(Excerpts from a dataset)
•••••
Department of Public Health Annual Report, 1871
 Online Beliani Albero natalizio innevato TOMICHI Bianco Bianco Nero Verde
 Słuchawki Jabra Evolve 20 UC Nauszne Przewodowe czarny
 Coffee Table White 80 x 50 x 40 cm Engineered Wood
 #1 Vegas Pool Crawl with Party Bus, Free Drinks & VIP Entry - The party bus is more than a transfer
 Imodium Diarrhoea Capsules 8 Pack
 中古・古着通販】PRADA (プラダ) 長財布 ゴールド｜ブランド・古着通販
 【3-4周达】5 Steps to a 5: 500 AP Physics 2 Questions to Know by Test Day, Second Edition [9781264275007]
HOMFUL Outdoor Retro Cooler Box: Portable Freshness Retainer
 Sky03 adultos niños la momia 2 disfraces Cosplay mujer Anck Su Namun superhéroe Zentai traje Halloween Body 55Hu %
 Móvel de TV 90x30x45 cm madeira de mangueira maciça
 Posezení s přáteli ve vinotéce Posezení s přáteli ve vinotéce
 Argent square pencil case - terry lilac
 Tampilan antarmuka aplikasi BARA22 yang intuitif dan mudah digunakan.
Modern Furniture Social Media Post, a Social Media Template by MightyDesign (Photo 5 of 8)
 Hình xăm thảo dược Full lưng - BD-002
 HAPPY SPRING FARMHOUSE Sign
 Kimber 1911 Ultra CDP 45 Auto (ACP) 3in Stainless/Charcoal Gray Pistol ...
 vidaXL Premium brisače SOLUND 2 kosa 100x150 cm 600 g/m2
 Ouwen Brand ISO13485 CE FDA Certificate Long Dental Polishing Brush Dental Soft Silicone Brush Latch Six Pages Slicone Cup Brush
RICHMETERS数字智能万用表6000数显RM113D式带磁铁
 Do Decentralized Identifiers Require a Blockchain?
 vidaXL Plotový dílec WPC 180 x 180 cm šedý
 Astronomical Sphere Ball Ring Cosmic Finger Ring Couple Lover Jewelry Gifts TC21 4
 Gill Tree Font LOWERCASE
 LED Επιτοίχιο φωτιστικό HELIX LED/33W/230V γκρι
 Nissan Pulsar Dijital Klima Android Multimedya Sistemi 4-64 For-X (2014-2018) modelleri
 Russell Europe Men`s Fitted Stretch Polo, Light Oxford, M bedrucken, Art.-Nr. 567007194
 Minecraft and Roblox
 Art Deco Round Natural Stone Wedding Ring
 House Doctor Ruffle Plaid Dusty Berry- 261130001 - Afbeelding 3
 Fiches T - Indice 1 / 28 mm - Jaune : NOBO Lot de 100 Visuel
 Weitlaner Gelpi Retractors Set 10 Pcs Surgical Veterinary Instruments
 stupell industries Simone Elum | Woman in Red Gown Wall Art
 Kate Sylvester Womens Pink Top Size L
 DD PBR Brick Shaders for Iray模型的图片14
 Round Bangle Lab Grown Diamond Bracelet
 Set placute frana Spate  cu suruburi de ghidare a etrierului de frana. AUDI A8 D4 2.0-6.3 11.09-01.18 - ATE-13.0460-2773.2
•••••
### AIM OF THE TASK
Copy out only the lines of the records above from the one with "Do Decentralized Identifiers" through the one with "Weitlaner Gelpi Retractors", exactly as they stand, both included.

### TASK SOLUTION
 Do Decentralized Identifiers Require a Blockchain?
 vidaXL Plotový dílec WPC 180 x 180 cm šedý
 Astronomical Sphere Ball Ring Cosmic Finger Ring Couple Lover Jewelry Gifts TC21 4
 Gill Tree Font LOWERCASE
 LED Επιτοίχιο φωτιστικό HELIX LED/33W/230V γκρι
 Nissan Pulsar Dijital Klima Android Multimedya Sistemi 4-64 For-X (2014-2018) modelleri
 Russell Europe Men`s Fitted Stretch Polo, Light Oxford, M bedrucken, Art.-Nr. 567007194
 Minecraft and Roblox
 Art Deco Round Natural Stone Wedding Ring
 House Doctor Ruffle Plaid Dusty Berry- 261130001 - Afbeelding 3
 Fiches T - Indice 1 / 28 mm - Jaune : NOBO Lot de 100 Visuel
 Weitlaner Gelpi Retractors Set 10 Pcs Surgical Veterinary Instruments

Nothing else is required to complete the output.